# Mice Thrice

Twice before on Overlord-in-terms-of-Core-Issues-around-Maximal-Engagement-with-Key-Notions-of-the-Über-Feral, I’ve interrogated issues around pursuit curves. Imagine four mice or four beetles each sitting on one corner of a square and looking towards the centre of the square. If each mouse or beetle begins to run towards the mouse or beetle to its left, it will follow a curving path that takes it to the centre of the square, like this: vertices = 4, pursuit = +1

The paths followed by the mice or beetles are pursuit curves. If you arrange eight mice clockwise around a square, with a mouse on each corner and a mouse midway along each side, you get a different set of pursuit curves: v = 4 + 1 on the side, p = +1

Here each mouse is pursuing the mouse two places to its left: v = 4+s1, p = +2

And here each mouse is pursuing the mouse three places to its left: v = 4+s1, p = +3

Now try a different arrangement of the mice. In the square below, the mice are arranged clockwise in rows from the bottom right-hand corner. That is, mouse #1 begins on the bottom left-hand corner, mouse #2 begins between that corner and the centre, mouse #3 begins on the bottom left-hand corner, and so on. When each mice runs towards the mouse three places away, these pursuit curves appear: v = 4 + 1 internally, p = +3

Here are some more: v = 4 + i1, p = +5 v = 4 + i2, p = +1 v = 4 + i2, p = +2

So far, all the mice have eventually run to the centre of the square, but that doesn’t happen here: v = 4 + i2, p = 4

Here are more pursuit curves for the v4+i2 mice, using an animated gif: v = 4 + i2, p = various (animated — open in new tab for clearer image)

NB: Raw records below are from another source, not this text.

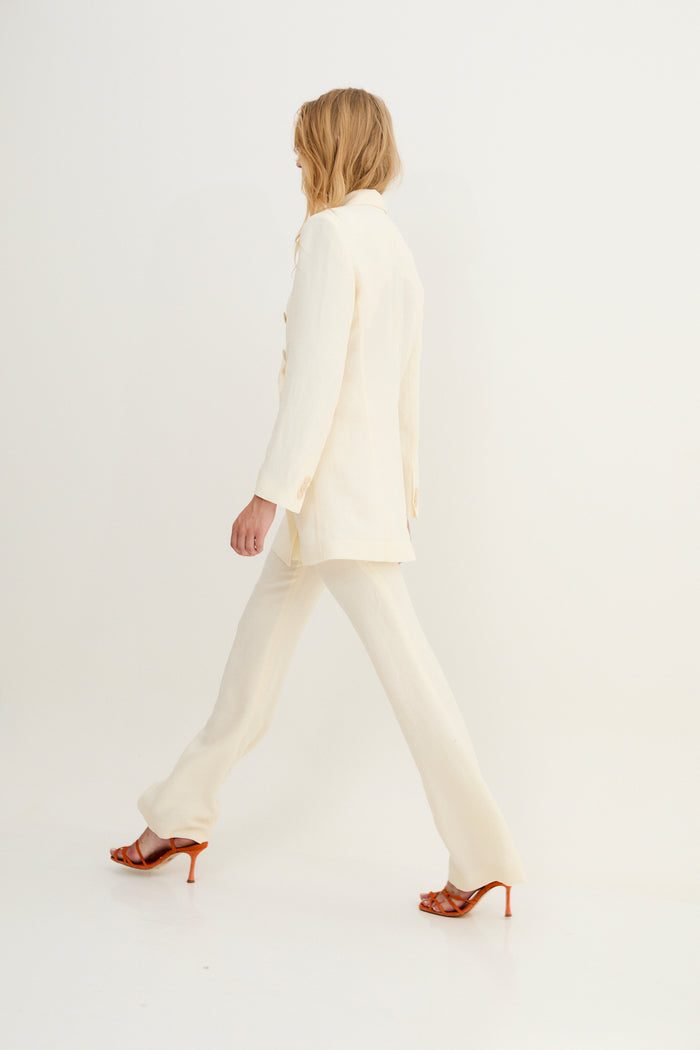 Sophie And Lucie TOTAL LOOK CRUZADA JADE CRUDO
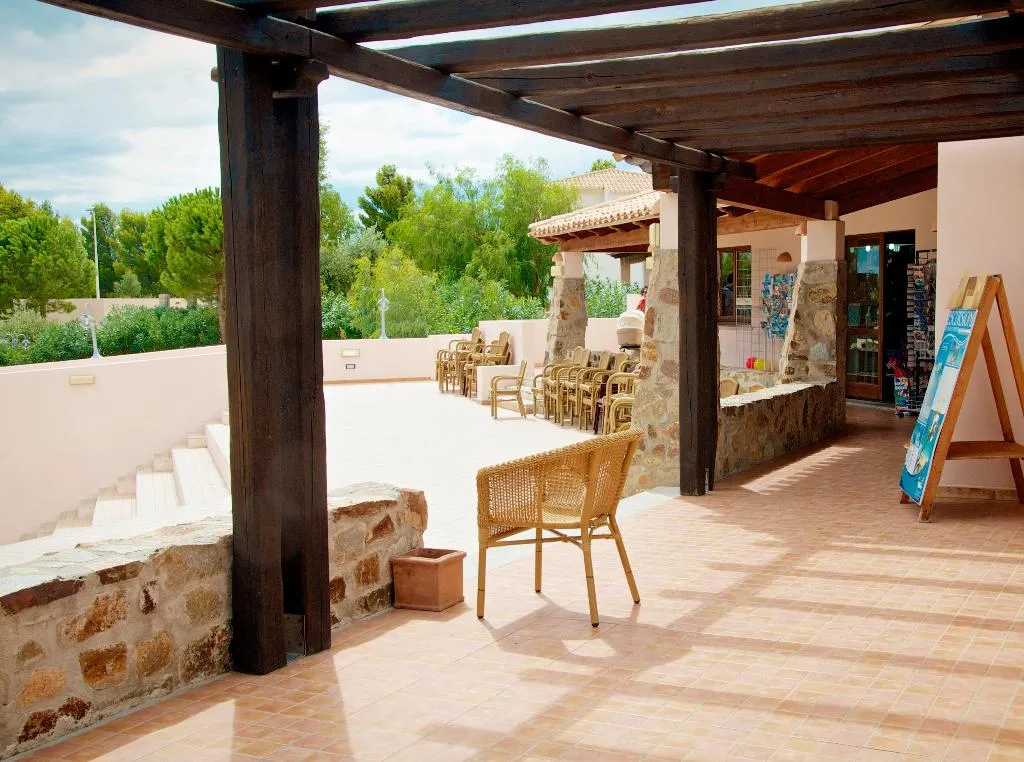 Bar, Club Esse Cala Gonone Beach Village, Olbia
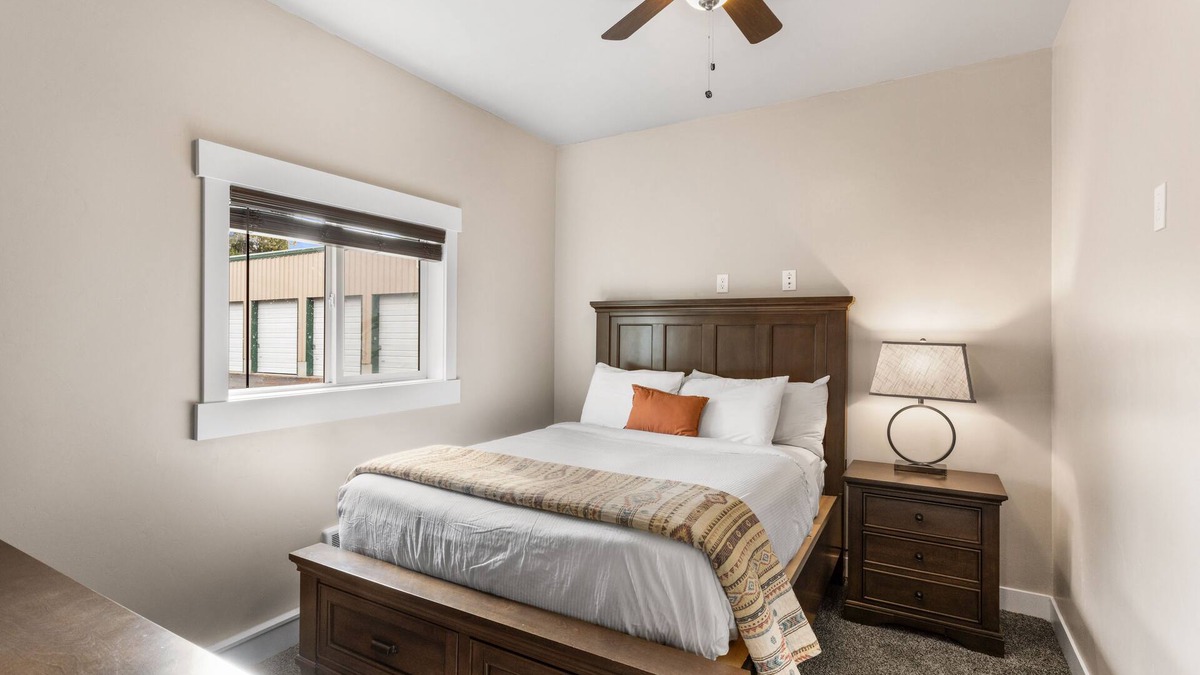 West Yellowstone Apartment | Blocks from the National Park- Yellowstone Hideaway Unit C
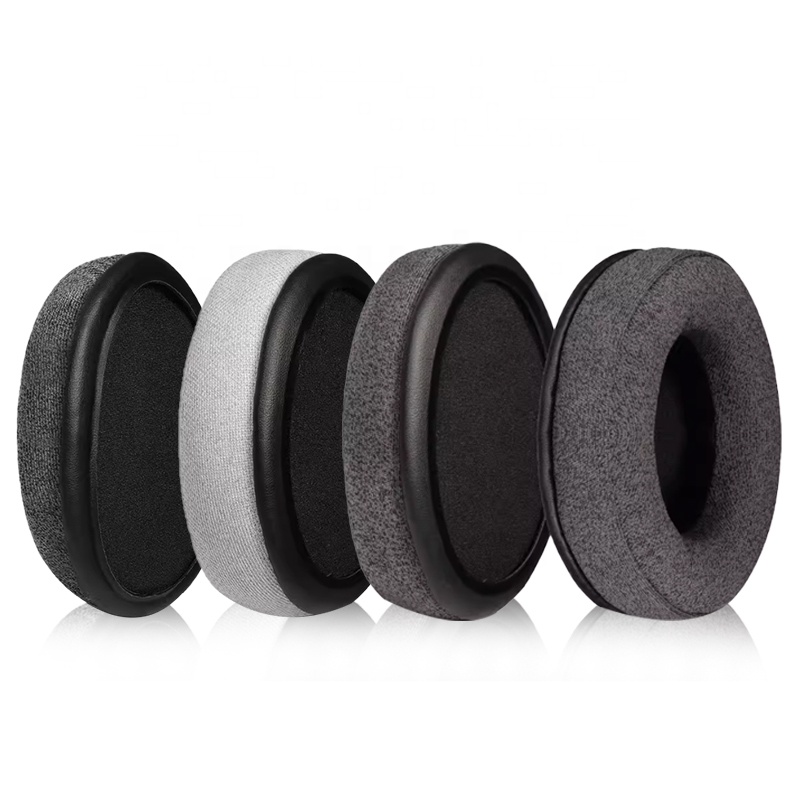 Cotton Earpads Compatible with Cloud 1/I/2/II/3/III/Pro/Core/Alpha/Alpha S/Flight/Stinger/Mix/CloudX Headphones
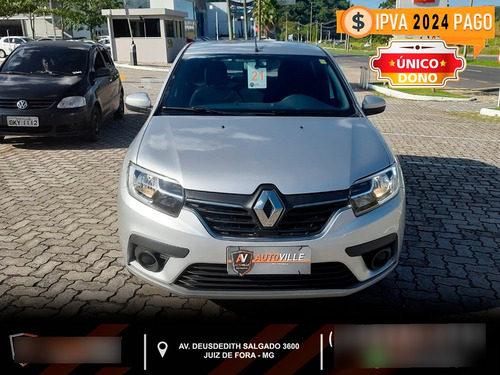 Renault Sandero ZEN FLEX 1.0 12V 5P MEC.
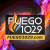 Fuego 102.9 - KJFA Logo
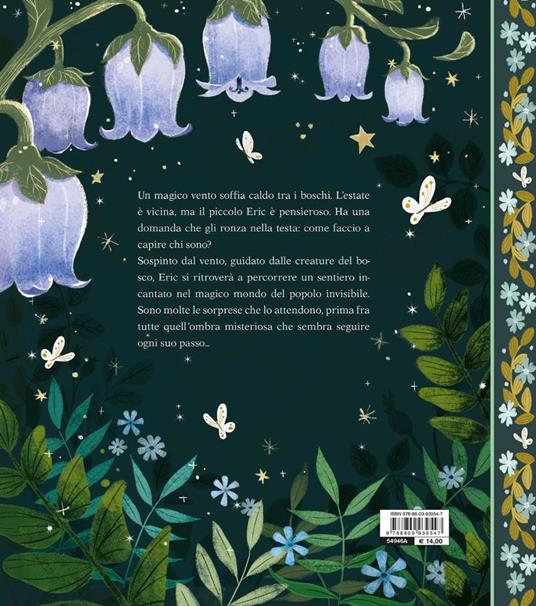 Eric e il vento felice. Ediz. a colori - Corinne Giampaglia - 5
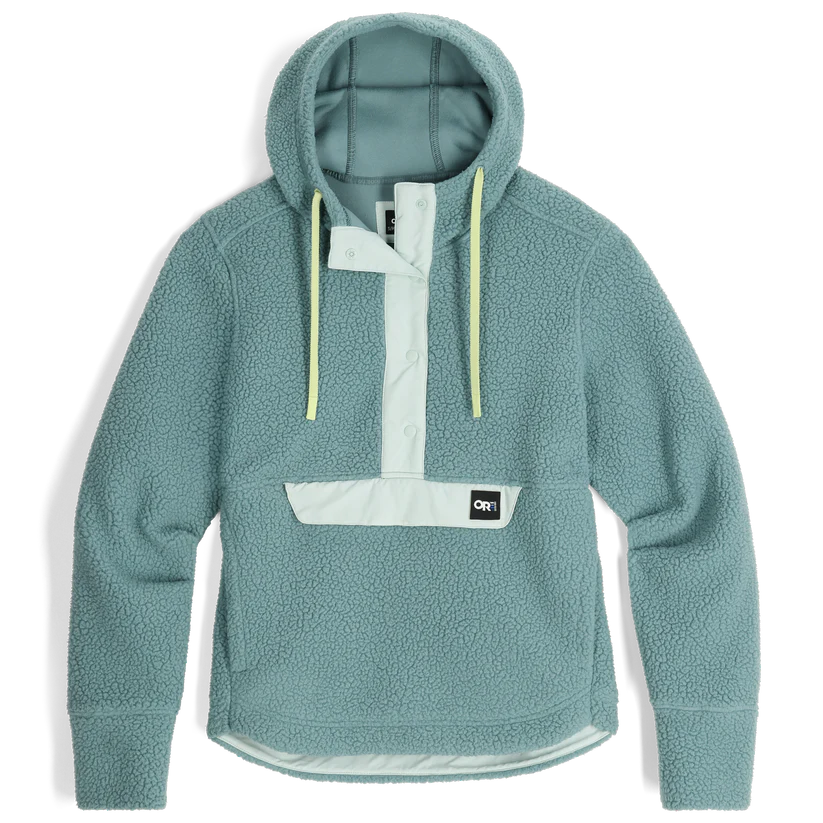 Outdoor Research W's Grayland Fleece Pullover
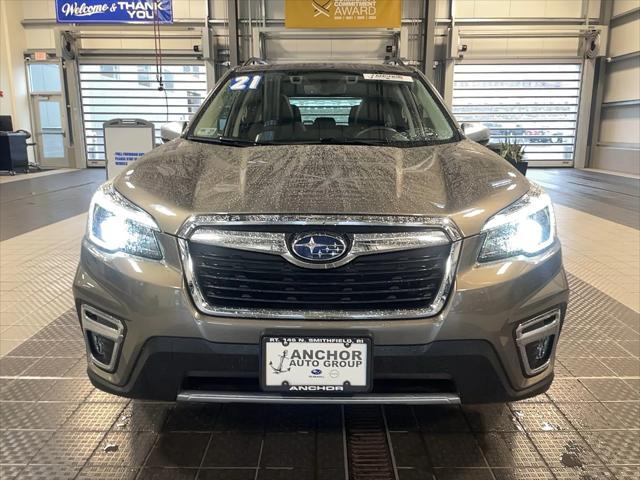 used 2021 Subaru Forester car, priced at $28,971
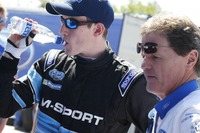【WRC】エヴァンス、シーズン後半に向けテストに積極参加 画像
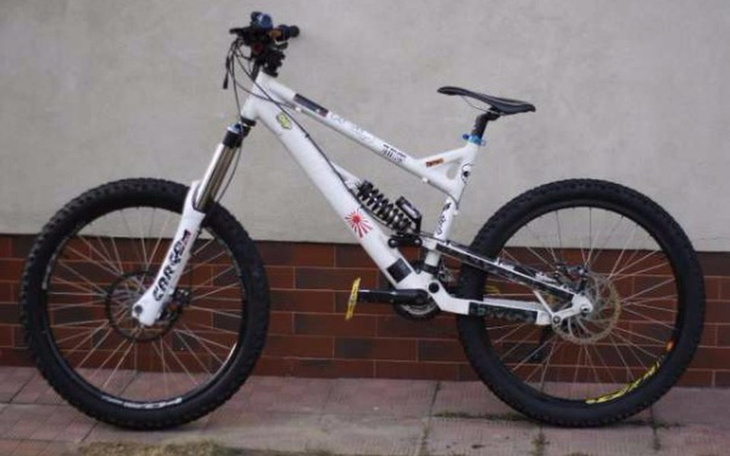 Zbiórka Skradziono rower zbiorka na nowy - zdjęcie główne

And here are more pursuit curves that don’t end in the centre of the square: v = 4 + i4, p = 4 v = 4 + i4, p = 8 v = 4 + i4, p = 12 v = 4 + i4, p = 16

But the v4+i4 pursuit curves more usually look like this: v = 4 + i4, p = 7

Now try adapting the rules so that mice don’t run directly towards another mouse, but towards the point midway between two other mice. In this square, the odd- and even-numbered mice follow different rules. Mice #1, #3, #5 and #7 run towards the point midway between the mice one and two places away, while ice #2, #4, #6 and #8 run towards the point midway between the mice two and seven places away: v = 4 + s1, p(1,3,5,7) = 1,2, p(2,4,6,8) = 2,7

I think the curves are very elegant. Here’s a slight variation: v = 4 + s1, p1 = 1,3, p2 = 2,7

Now try solid curves: v = 4 + s1, p1 = 1,3, p2 = 2,7 (red) v = 4 + s1, p1 = 1,3, p2 = 2,7 (yellow-and-blue)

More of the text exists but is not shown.